### Information supplied

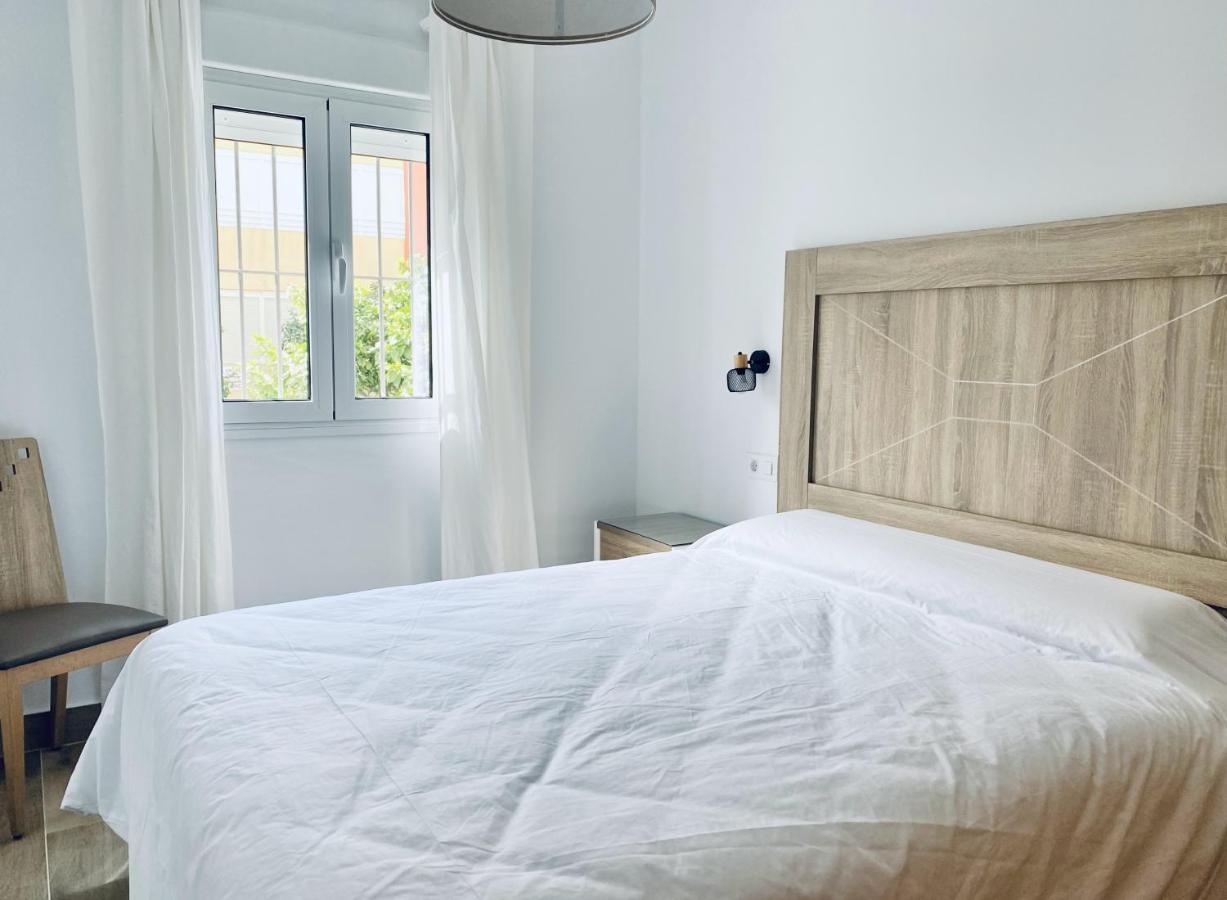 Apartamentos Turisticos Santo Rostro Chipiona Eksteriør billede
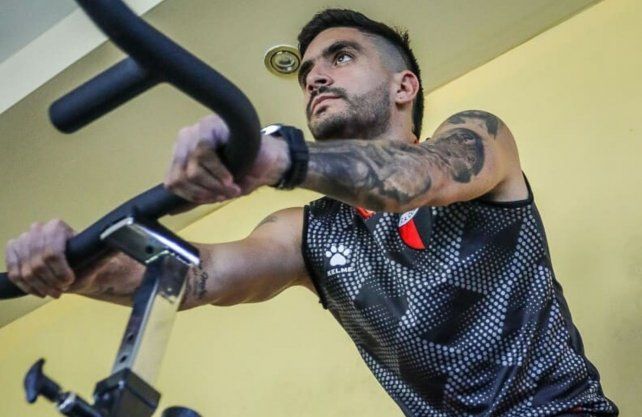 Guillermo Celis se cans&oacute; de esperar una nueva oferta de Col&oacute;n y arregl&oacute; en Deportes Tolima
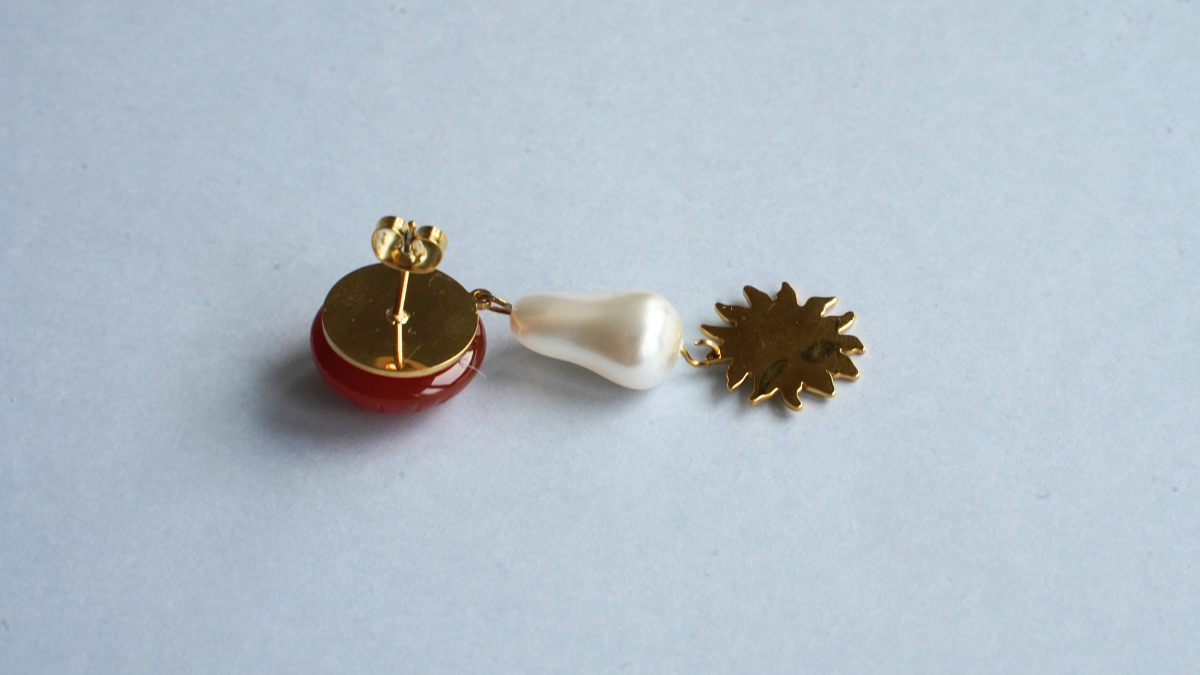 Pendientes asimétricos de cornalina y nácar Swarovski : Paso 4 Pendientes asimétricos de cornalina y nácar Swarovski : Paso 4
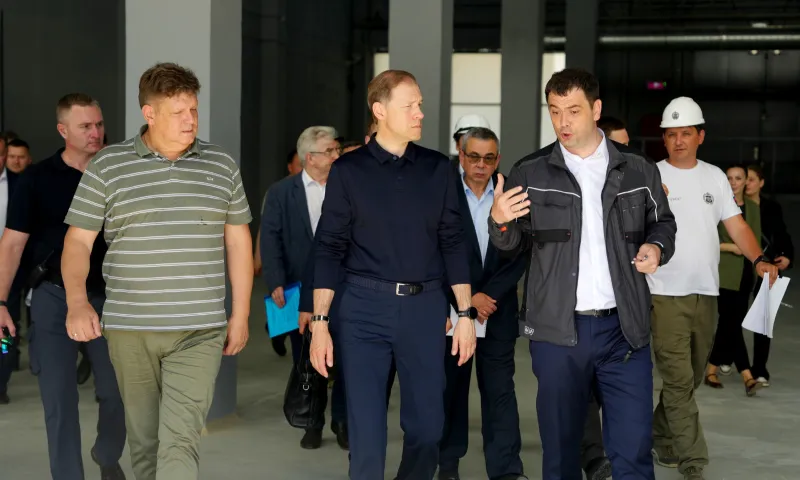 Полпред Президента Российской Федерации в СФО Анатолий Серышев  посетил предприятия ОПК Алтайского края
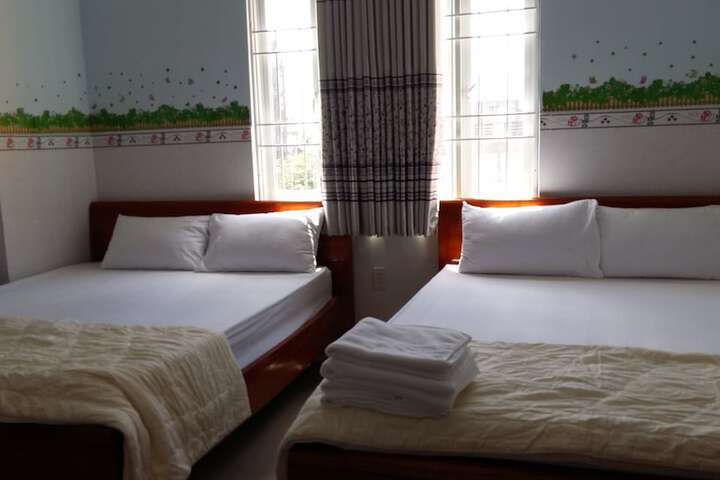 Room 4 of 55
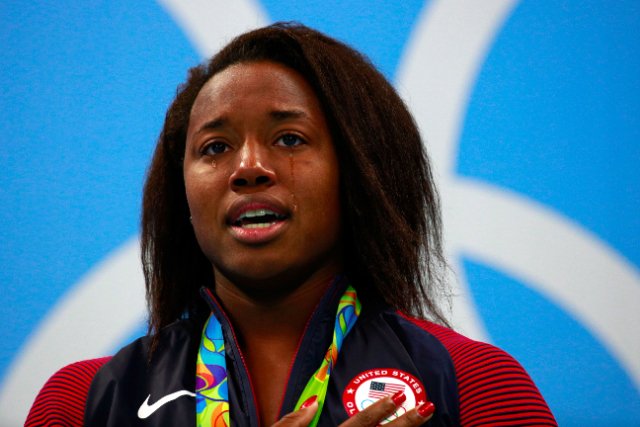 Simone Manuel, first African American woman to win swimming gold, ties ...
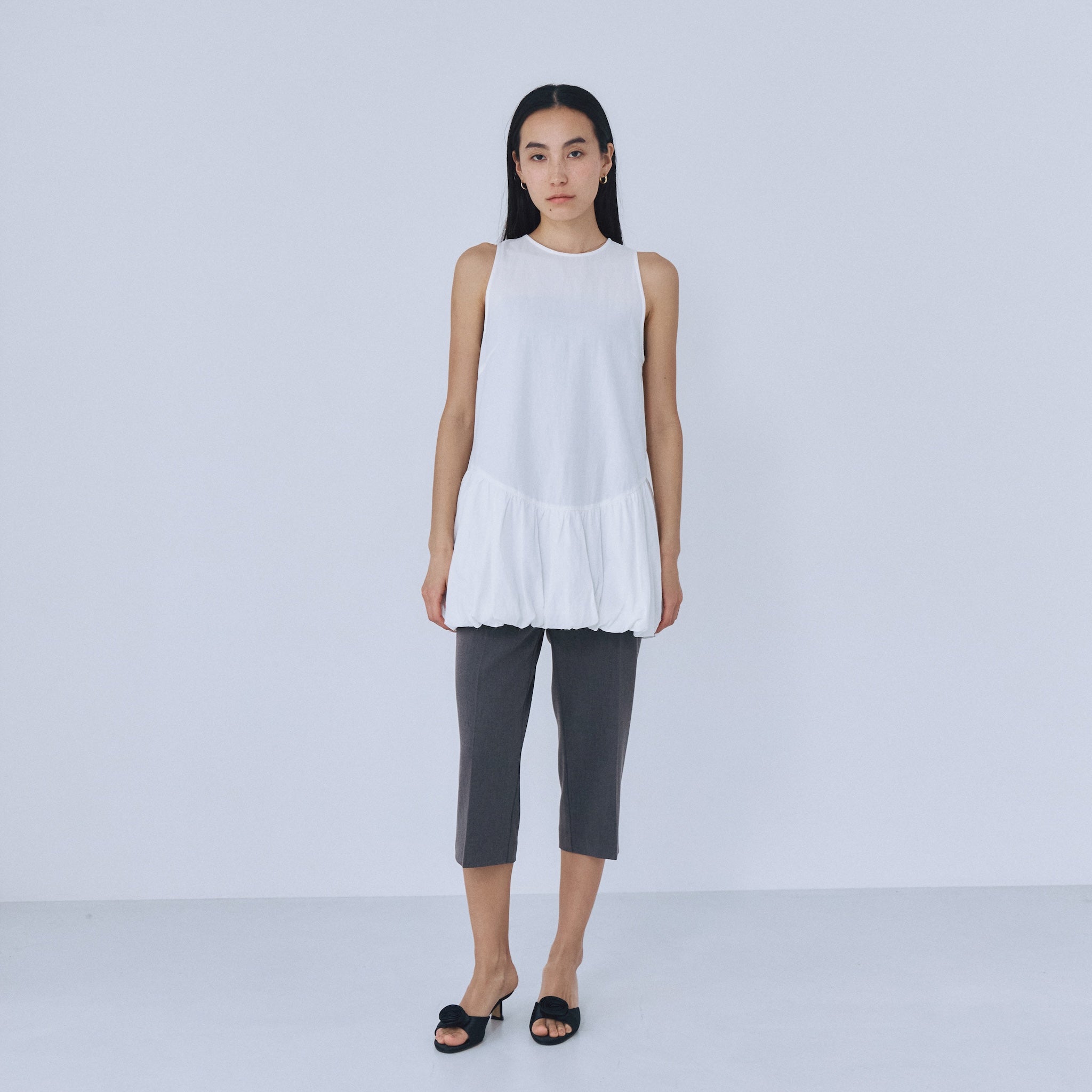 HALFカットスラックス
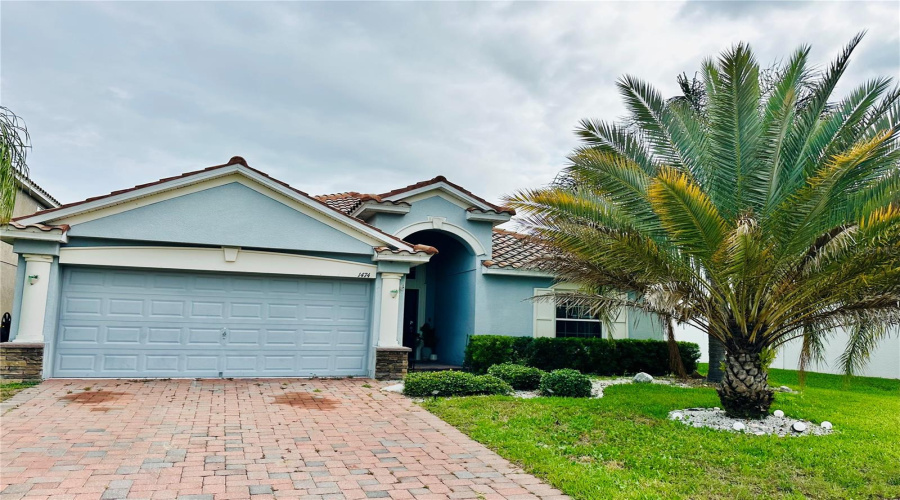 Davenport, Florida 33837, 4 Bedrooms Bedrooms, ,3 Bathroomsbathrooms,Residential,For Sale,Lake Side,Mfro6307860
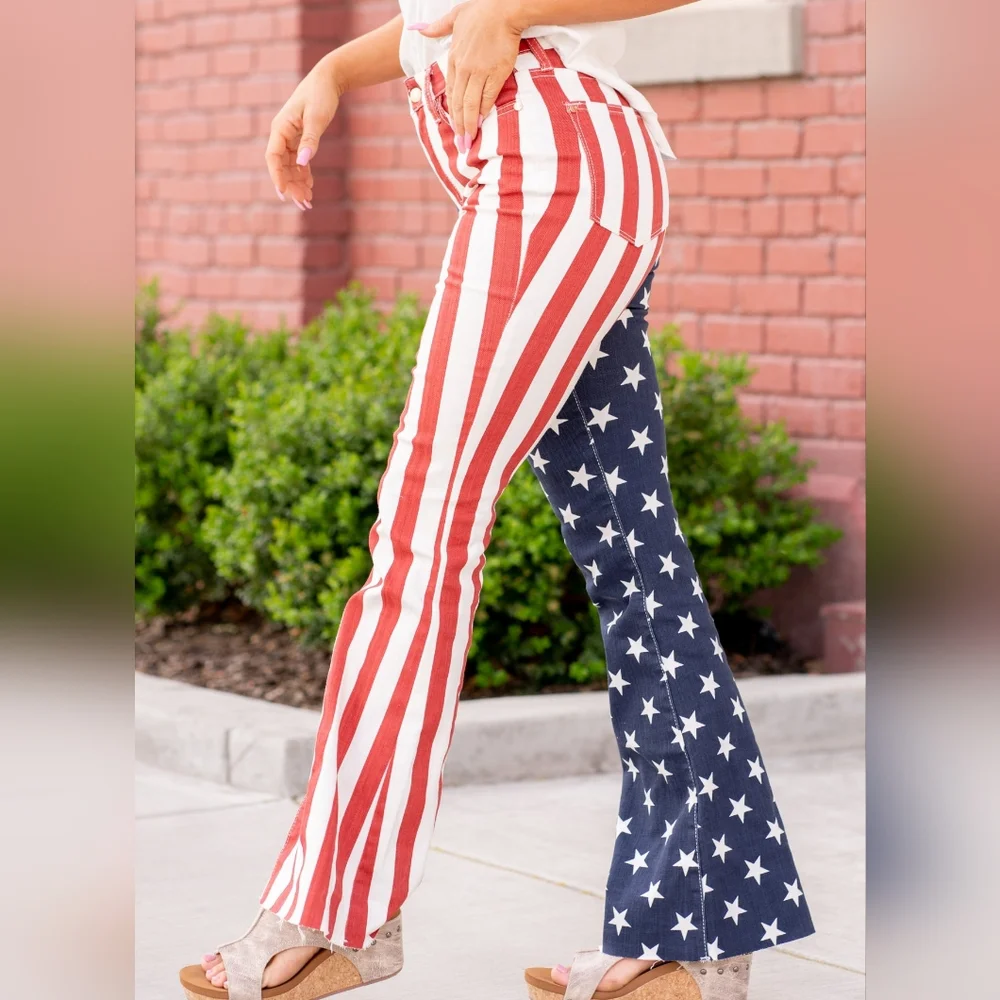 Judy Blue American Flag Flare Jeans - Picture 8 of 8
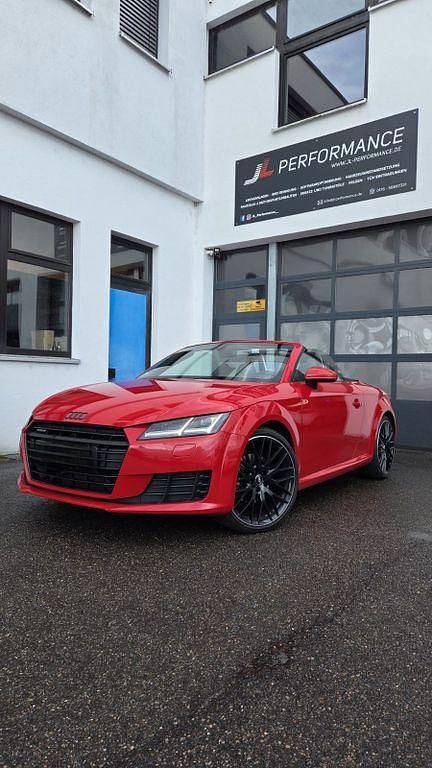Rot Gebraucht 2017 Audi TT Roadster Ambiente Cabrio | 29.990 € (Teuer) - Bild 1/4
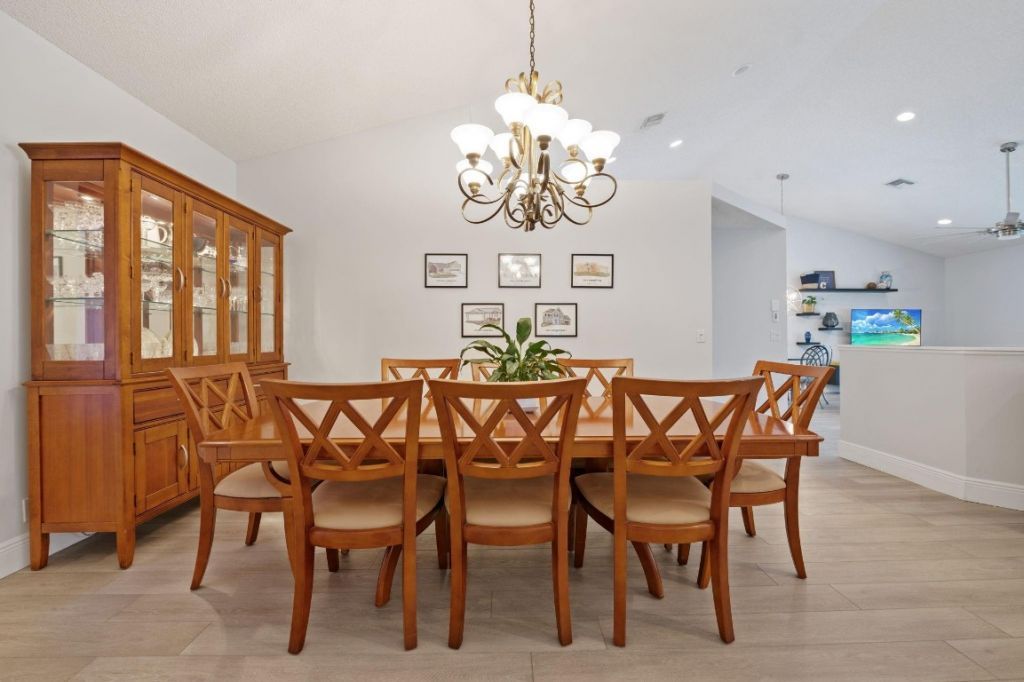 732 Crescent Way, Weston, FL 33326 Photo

### What the exercise asks
Write out, word for word, the lines from the start of the data through the one holding "HALFカットスラックス". Omit pictures.

### Final answer
 Apartamentos Turisticos Santo Rostro Chipiona Eksteriør billede
 Guillermo Celis se cans&oacute; de esperar una nueva oferta de Col&oacute;n y arregl&oacute; en Deportes Tolima
 Pendientes asimétricos de cornalina y nácar Swarovski : Paso 4 Pendientes asimétricos de cornalina y nácar Swarovski : Paso 4
 Полпред Президента Российской Федерации в СФО Анатолий Серышев  посетил предприятия ОПК Алтайского края
 Room 4 of 55
 Simone Manuel, first African American woman to win swimming gold, ties ...
 HALFカットスラックス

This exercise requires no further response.